#### DATASET EXTRACT ####

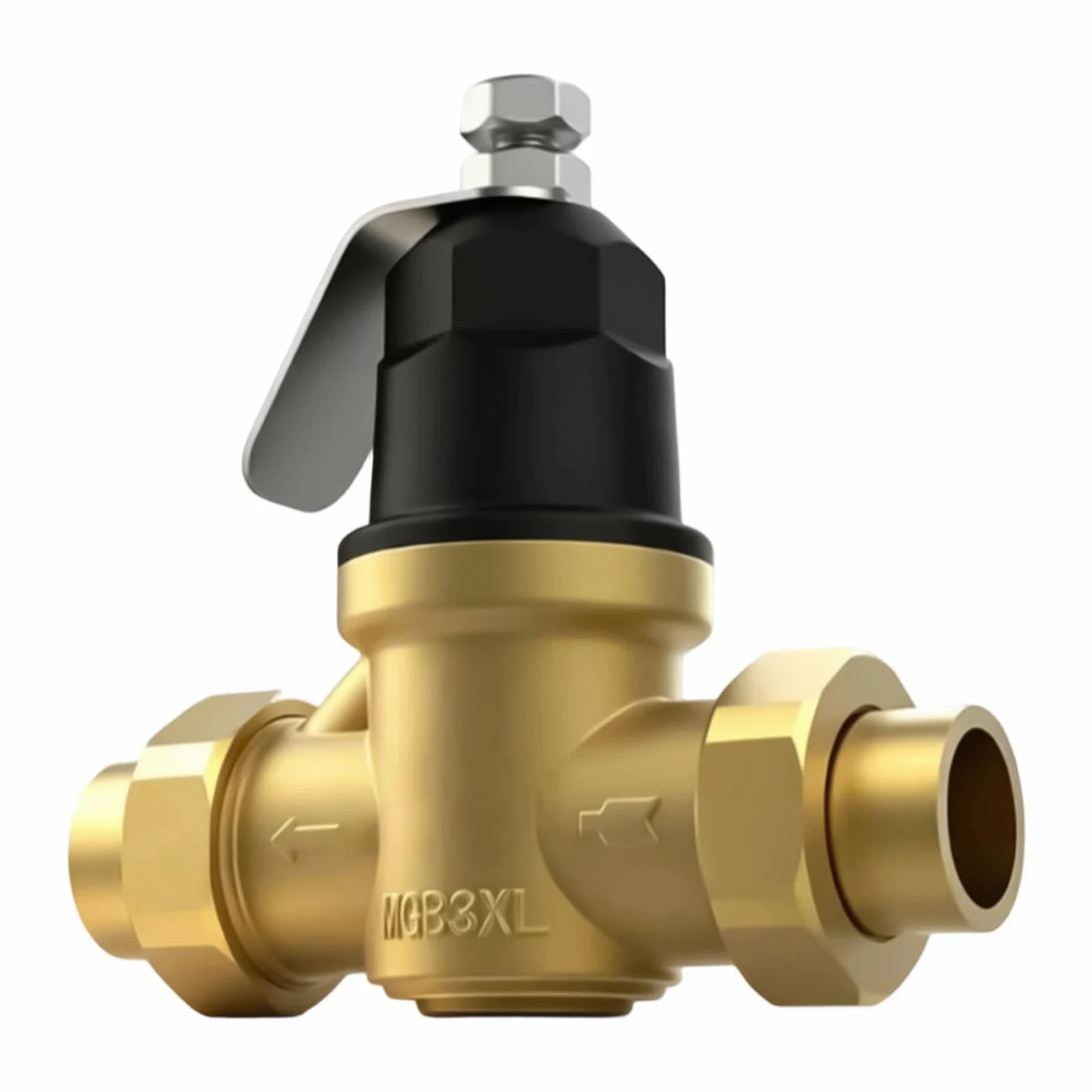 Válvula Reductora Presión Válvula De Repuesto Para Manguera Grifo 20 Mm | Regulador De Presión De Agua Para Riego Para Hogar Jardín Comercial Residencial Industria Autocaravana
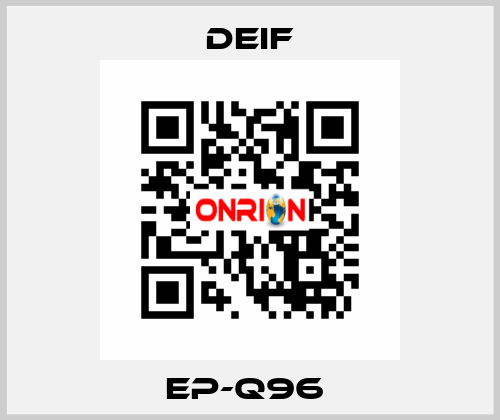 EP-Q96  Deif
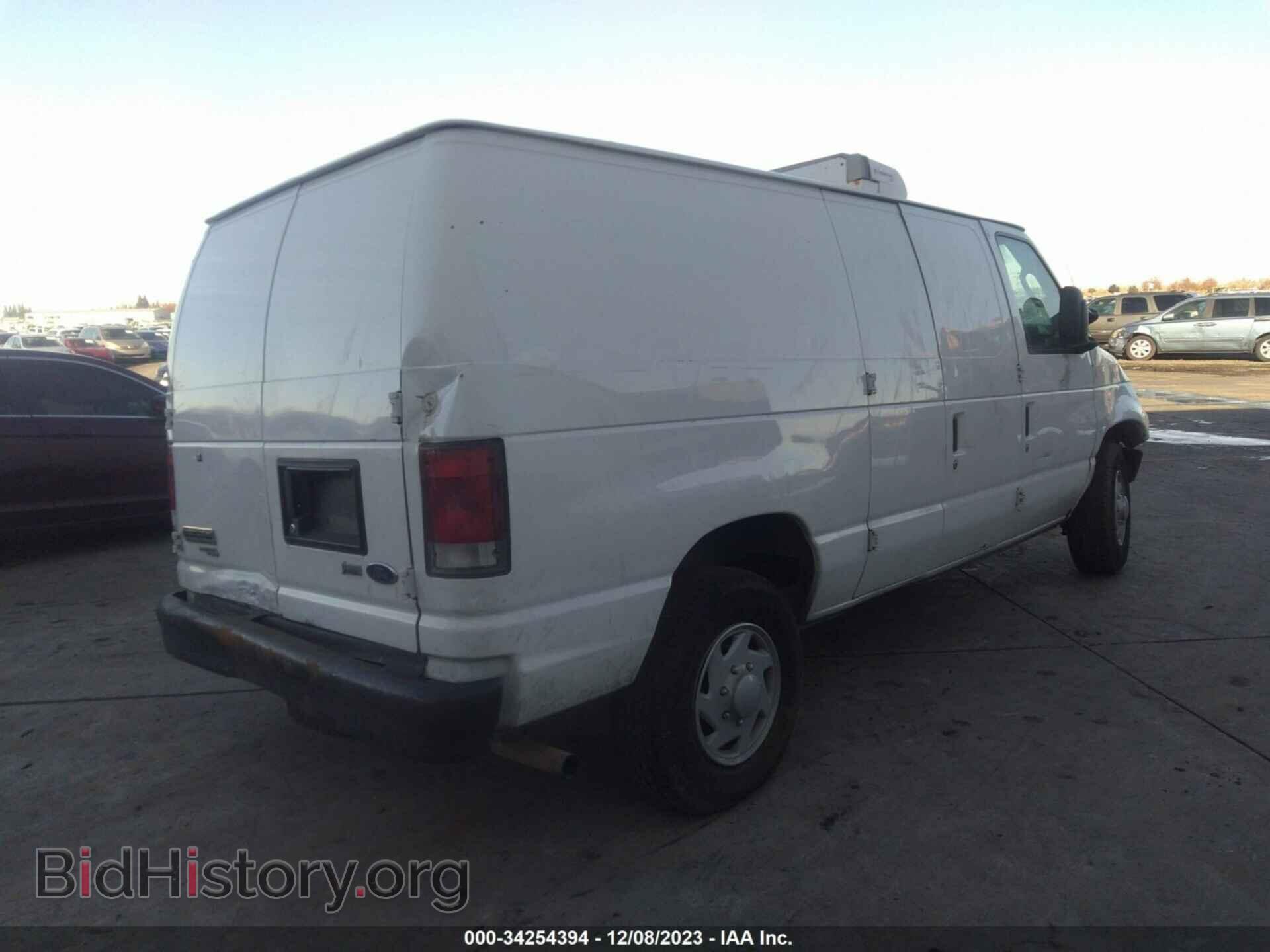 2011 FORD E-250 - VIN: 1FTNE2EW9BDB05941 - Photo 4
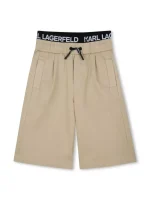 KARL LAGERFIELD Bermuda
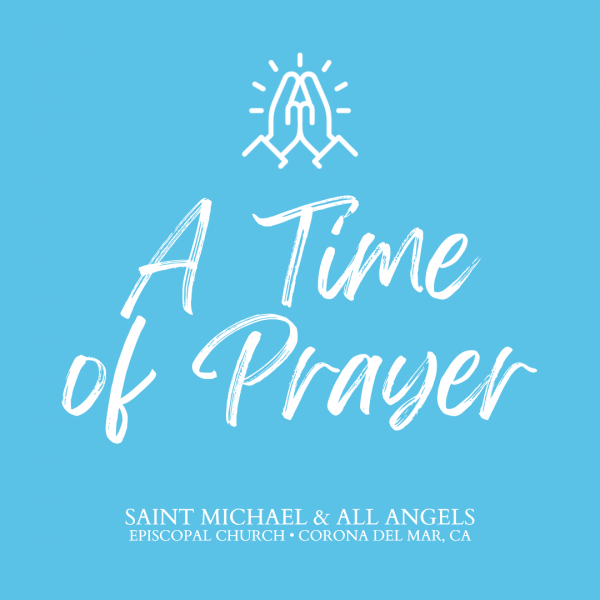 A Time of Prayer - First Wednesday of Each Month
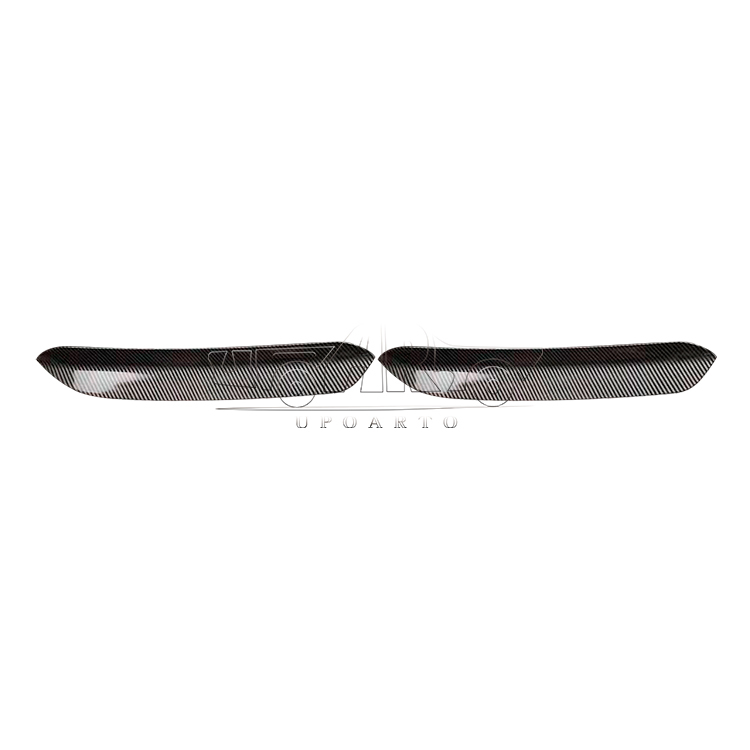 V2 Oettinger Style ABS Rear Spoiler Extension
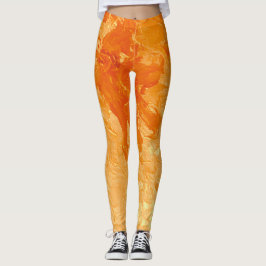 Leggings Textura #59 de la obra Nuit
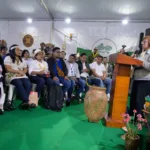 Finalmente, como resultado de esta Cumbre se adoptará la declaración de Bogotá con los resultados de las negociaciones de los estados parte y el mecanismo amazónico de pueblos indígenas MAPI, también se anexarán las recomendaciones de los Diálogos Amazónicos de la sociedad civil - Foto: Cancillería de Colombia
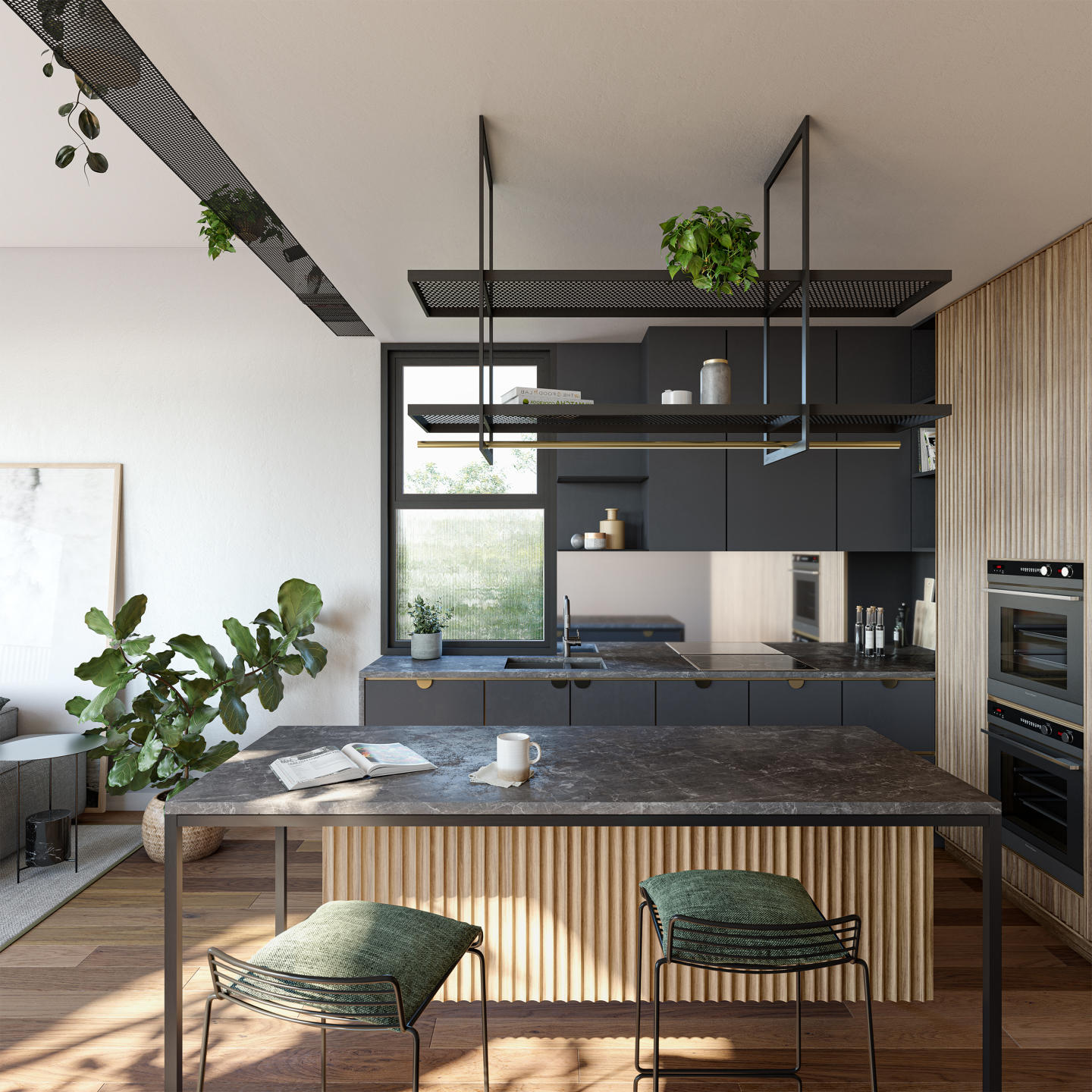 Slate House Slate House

####

● WORK TASK
The line that contains "A Time of Prayer" begins the range and the last line of the entries ends it; print that range exactly, without pictures.

● ANSWER SECTION
 A Time of Prayer - First Wednesday of Each Month
 V2 Oettinger Style ABS Rear Spoiler Extension
 Leggings Textura #59 de la obra Nuit
 Finalmente, como resultado de esta Cumbre se adoptará la declaración de Bogotá con los resultados de las negociaciones de los estados parte y el mecanismo amazónico de pueblos indígenas MAPI, también se anexarán las recomendaciones de los Diálogos Amazónicos de la sociedad civil - Foto: Cancillería de Colombia
 Slate House Slate House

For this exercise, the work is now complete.